- TASK INSTRUCTIONS:
Give back exactly the lines from the beginning of the listing below to the line holding "Daniela B&B Fiera", both ends included; the pictures stay out.

- DATA TO USE:

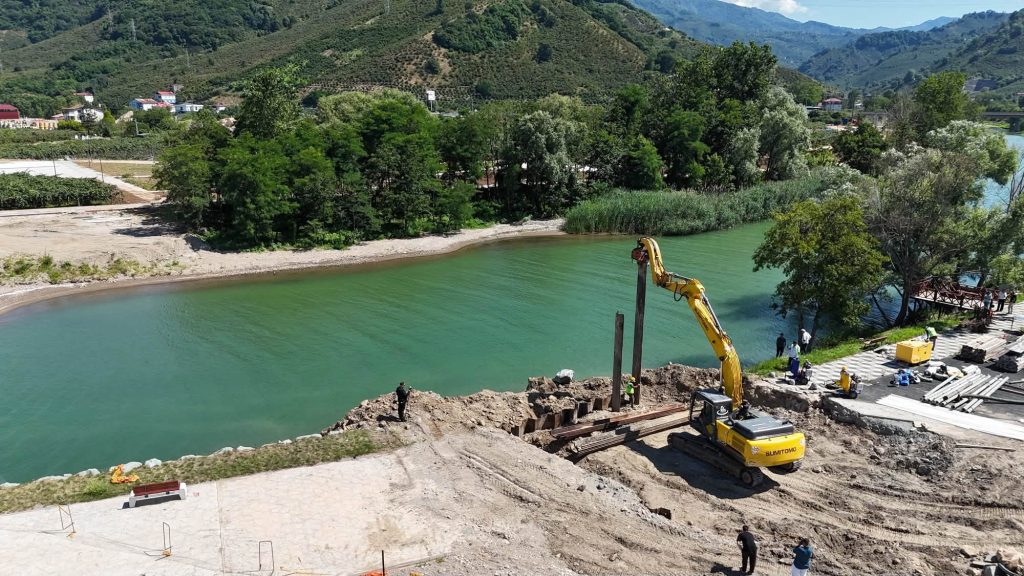 Kordon Park'ta İki Etabı Birleştirecek Yaya Köprüsü Yükseliyor 2 kordon2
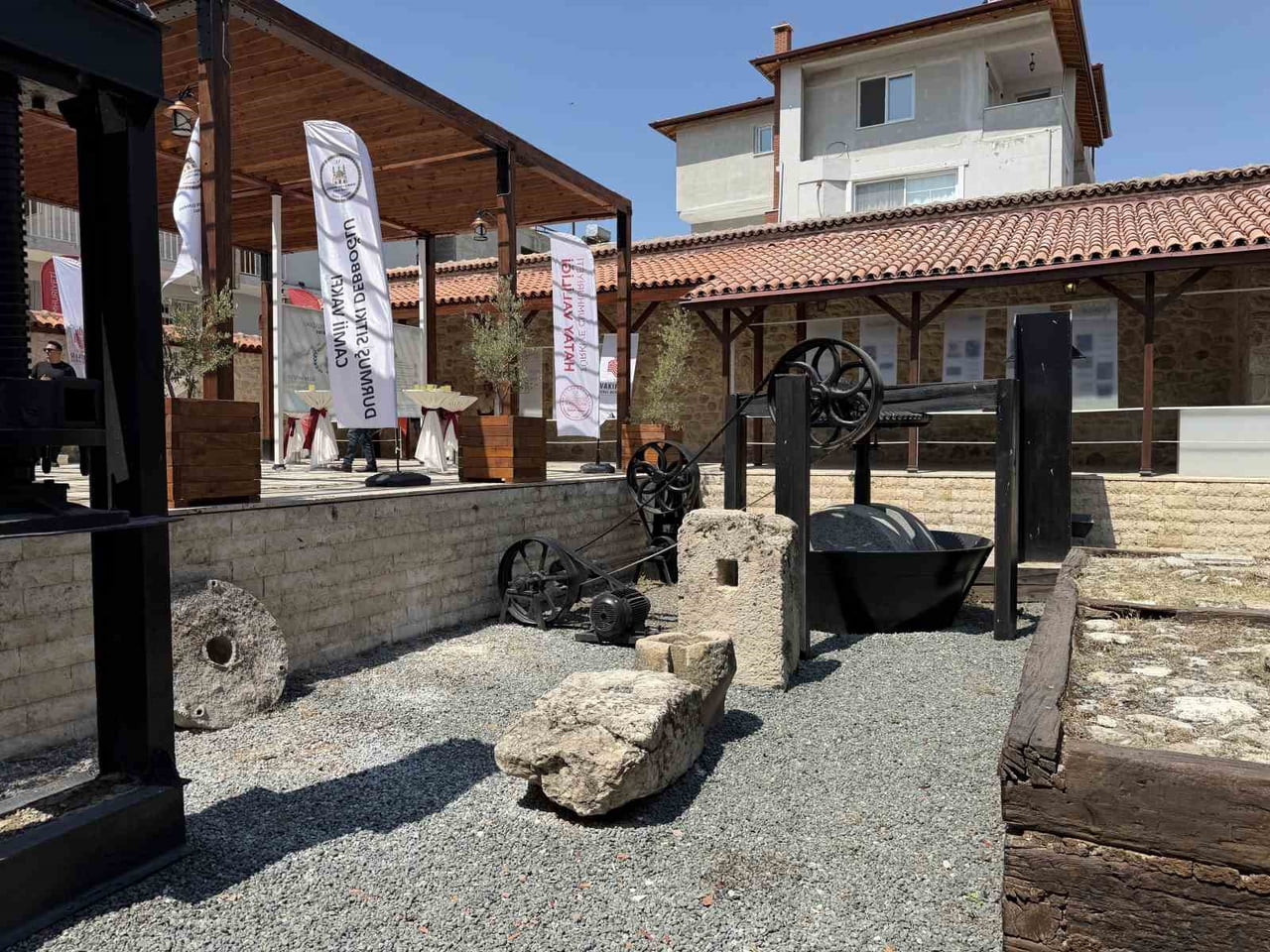 HATAY’DA YAKLAŞIK 300 YILLIK GEÇMİŞE SAHİP OLAN VE KENTİN İLK ZEYTİN YAĞI FABRİKASI OLMA ÖZELLİĞİ...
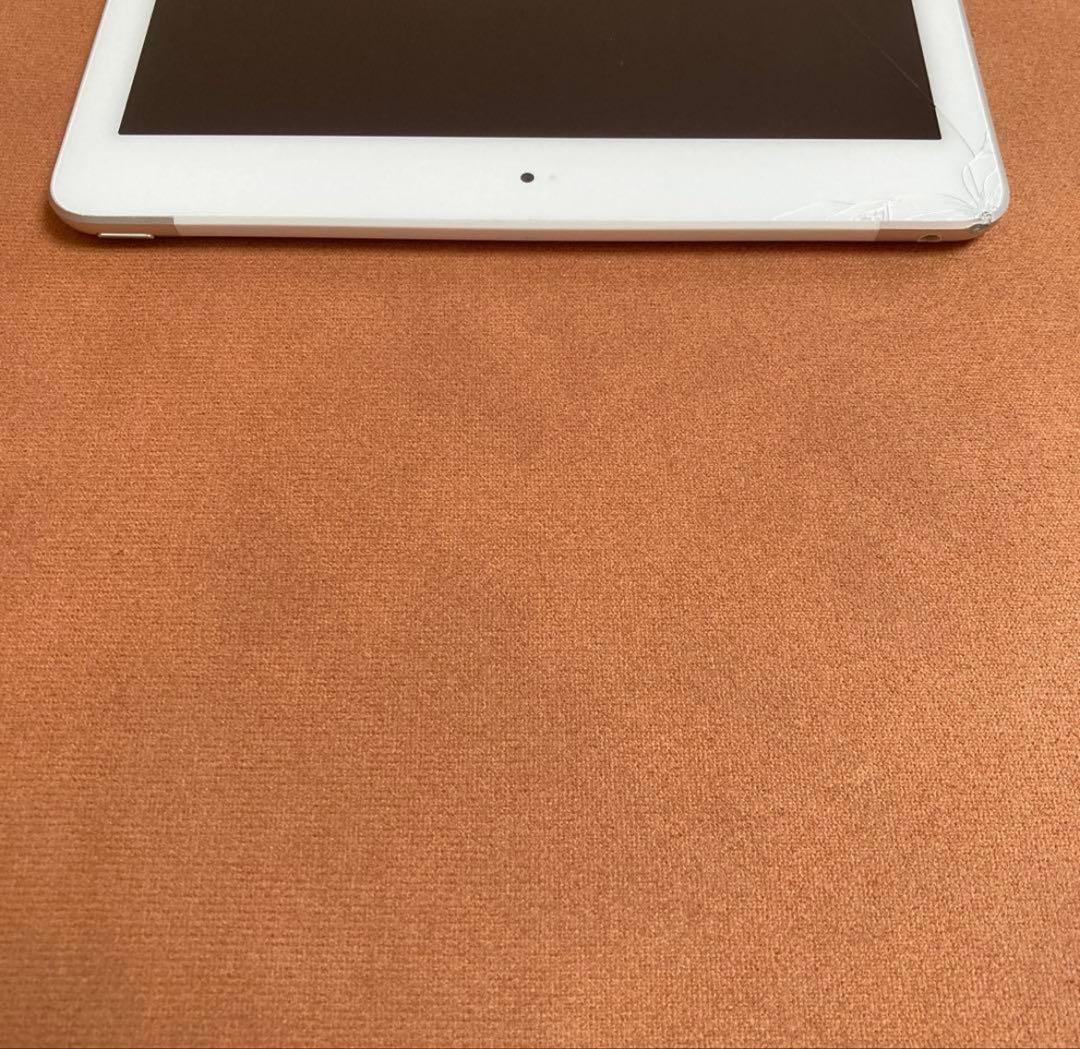 iPad6 第6世代 32GB SIMフリー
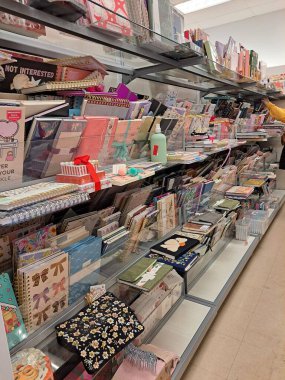 bir süpermarketin kırtasiye bölümünde not defterleri ve egzersiz kitapları.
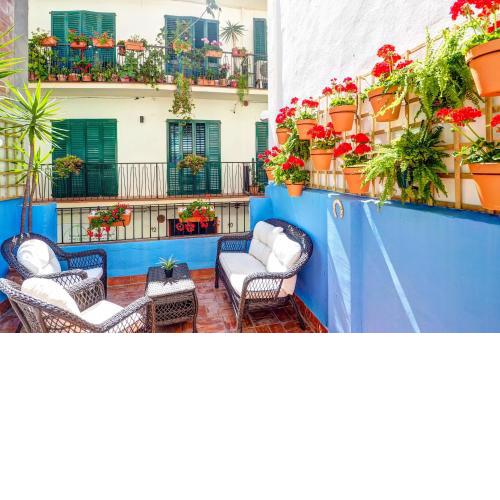 Charming Patio Amazing Location by Hello Homes Sitges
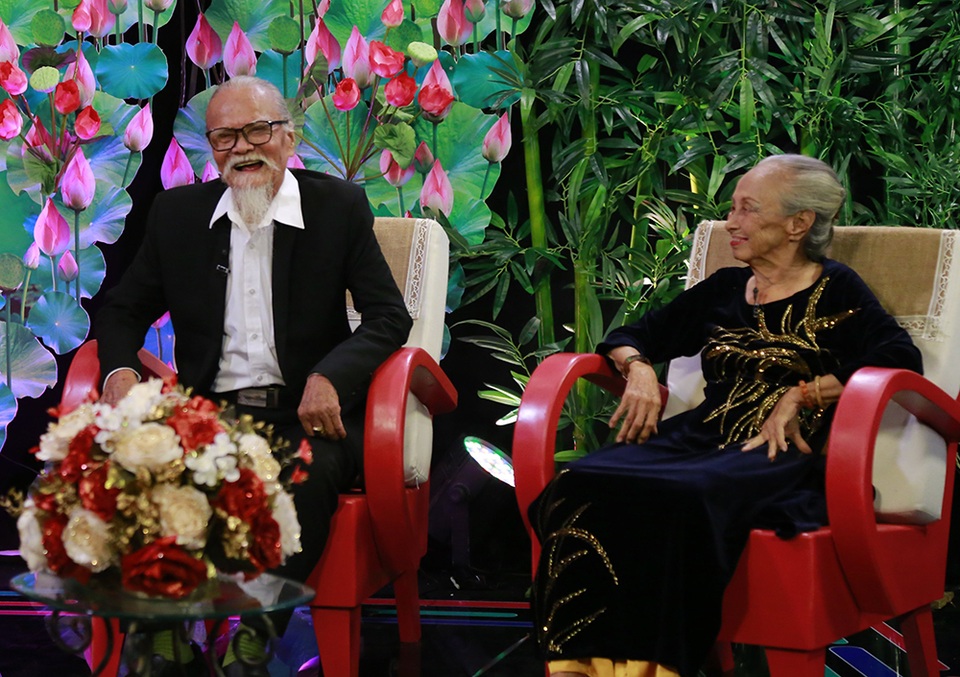 Chuyện tình 61 năm vẫn ngọt ngào của nghệ sĩ Hữu Thành và vợ - 2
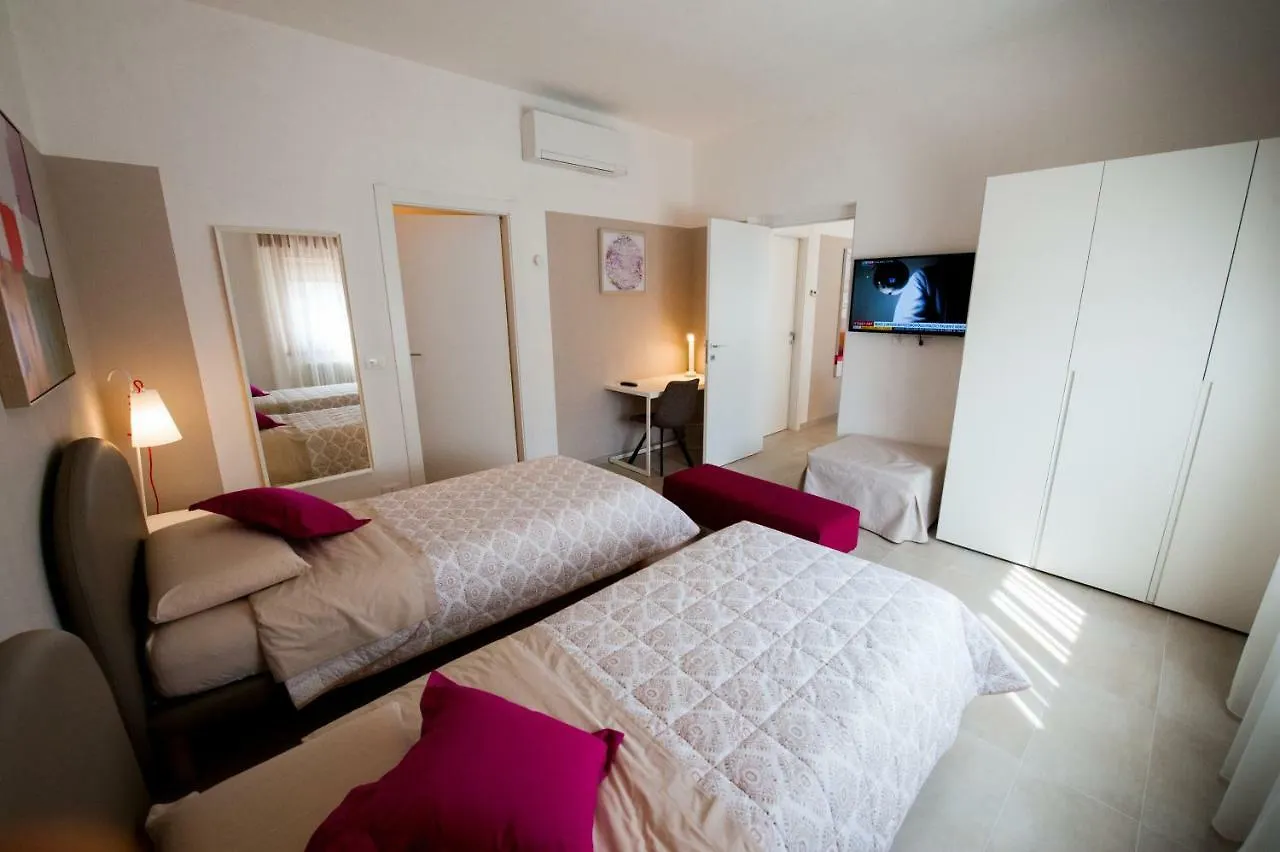 Daniela B&B Fiera Pero 0*,  Italy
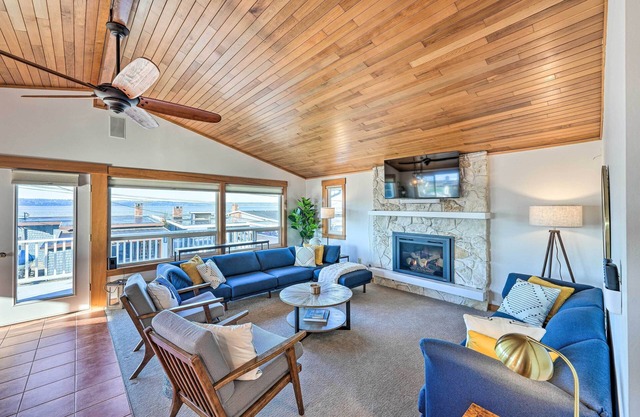 McKees Beach House w/ Ocean Views, Hot Tub!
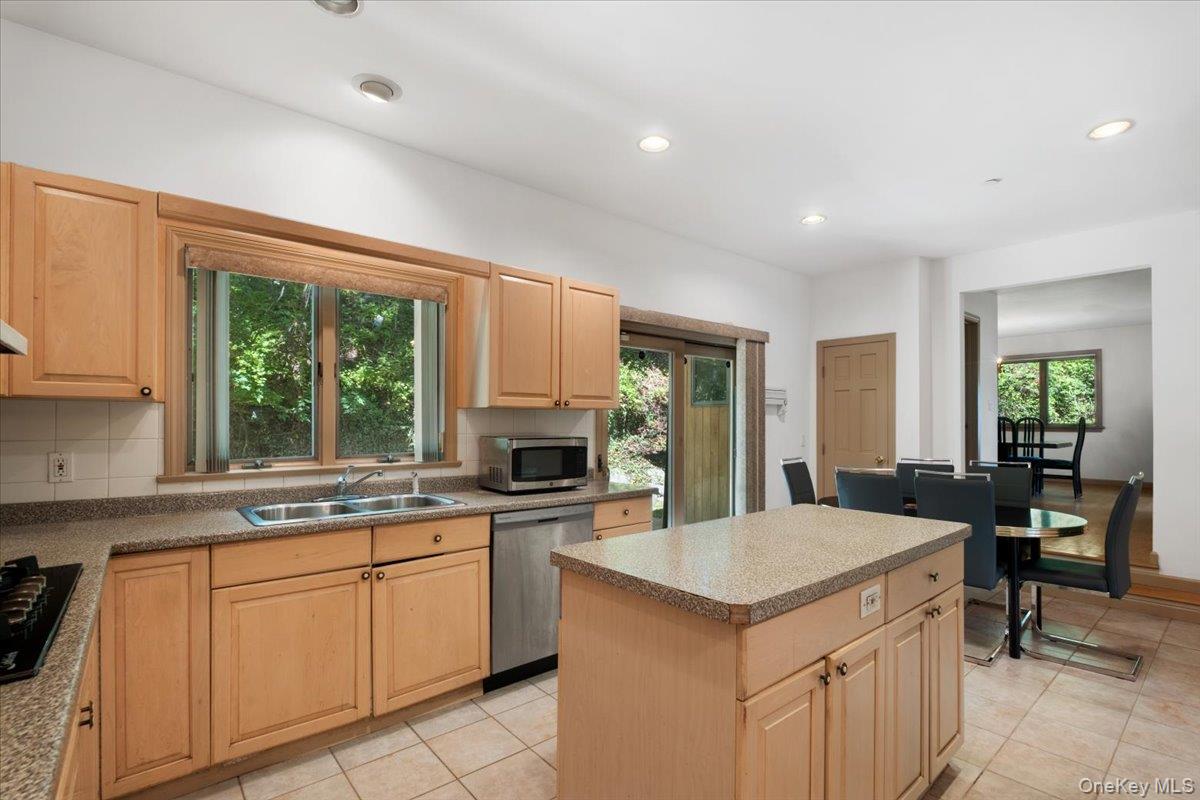 1 Thomas Court, Scarsdale, NY 10583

- TASK RESULT:
 Kordon Park'ta İki Etabı Birleştirecek Yaya Köprüsü Yükseliyor 2 kordon2
 HATAY’DA YAKLAŞIK 300 YILLIK GEÇMİŞE SAHİP OLAN VE KENTİN İLK ZEYTİN YAĞI FABRİKASI OLMA ÖZELLİĞİ...
 iPad6 第6世代 32GB SIMフリー
 bir süpermarketin kırtasiye bölümünde not defterleri ve egzersiz kitapları.
 Charming Patio Amazing Location by Hello Homes Sitges
 Chuyện tình 61 năm vẫn ngọt ngào của nghệ sĩ Hữu Thành và vợ - 2
 Daniela B&B Fiera Pero 0*,  Italy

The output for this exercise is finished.